PROVIDED MATERIAL
-.-.-
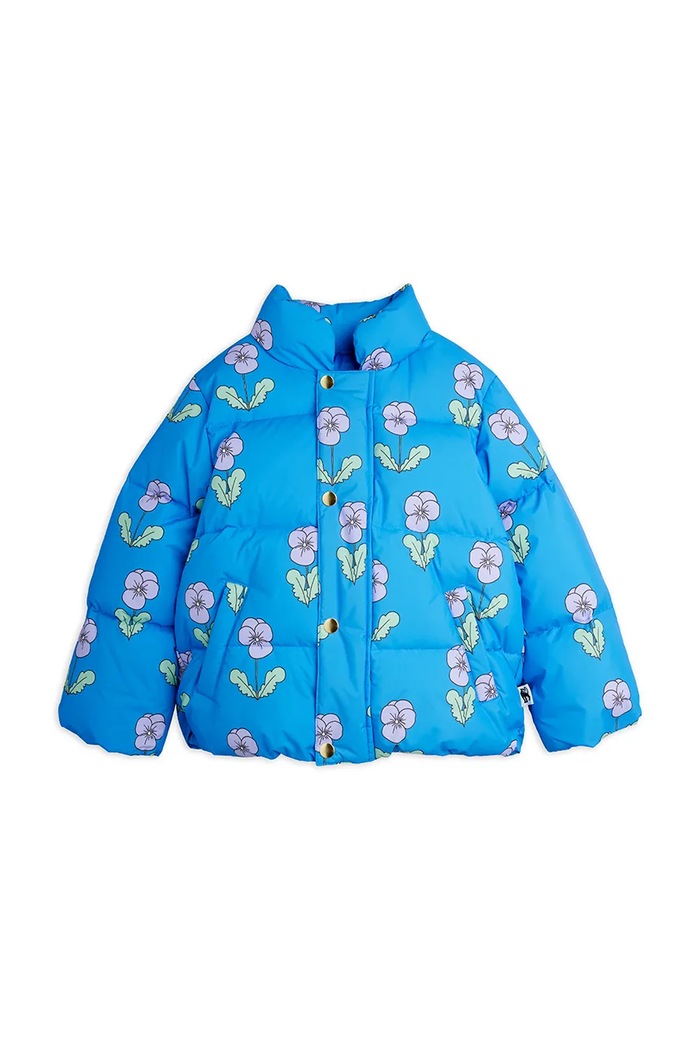 Mini Rodini kurtka pikowana dziecięca Violas 26710102 niebieski AW26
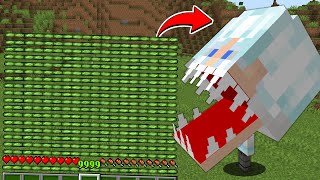 レベルが上がるといろんなものが食べれる世界【マイクラ】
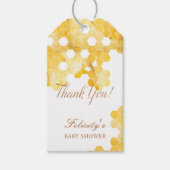 Waterverf Honeycomb & Bee Baby shower Bedankt Cadeaulabel (Voorkant)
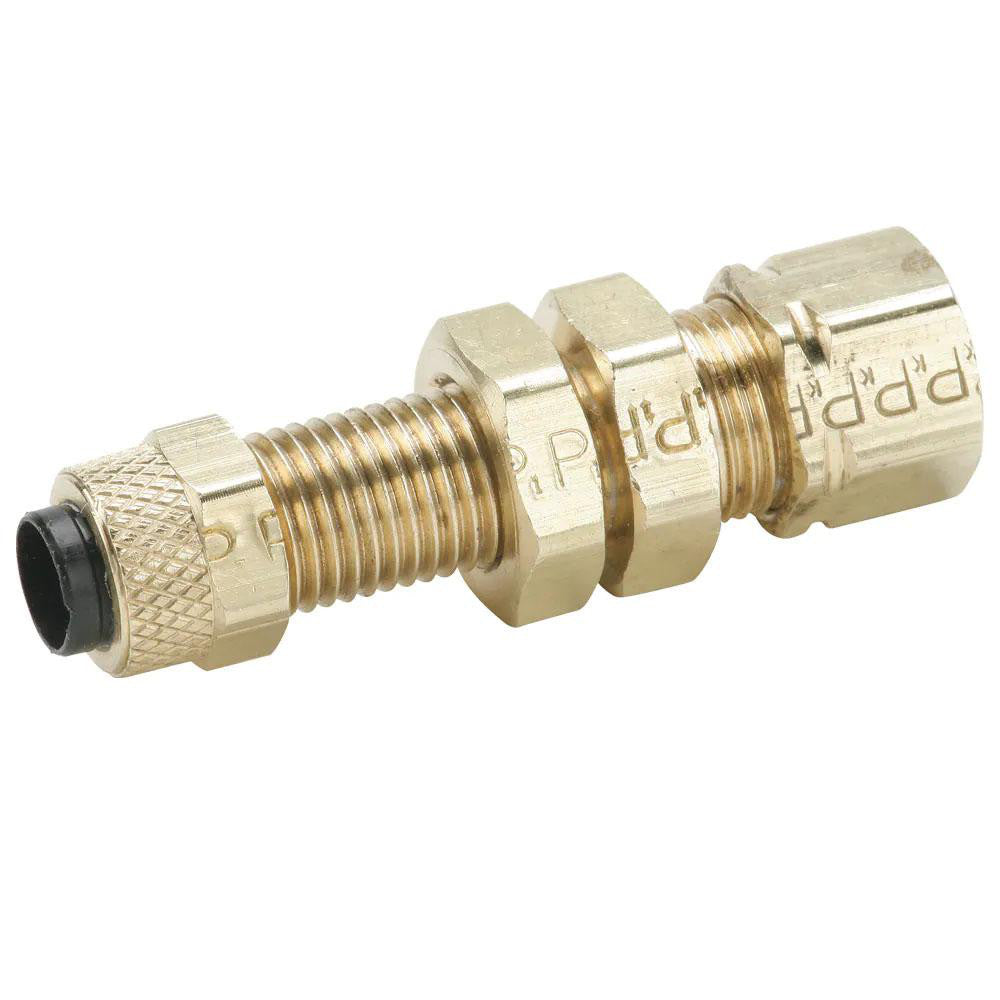 Parker 62PCABH-4 Compression Tube Bulkhead Union: Compression x Compression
-.-.-
Transcribe the data completely. No pictures should appear in the transcription.

YOUR SOLUTION
 Mini Rodini kurtka pikowana dziecięca Violas 26710102 niebieski AW26
 レベルが上がるといろんなものが食べれる世界【マイクラ】
 Waterverf Honeycomb & Bee Baby shower Bedankt Cadeaulabel (Voorkant)
 Parker 62PCABH-4 Compression Tube Bulkhead Union: Compression x Compression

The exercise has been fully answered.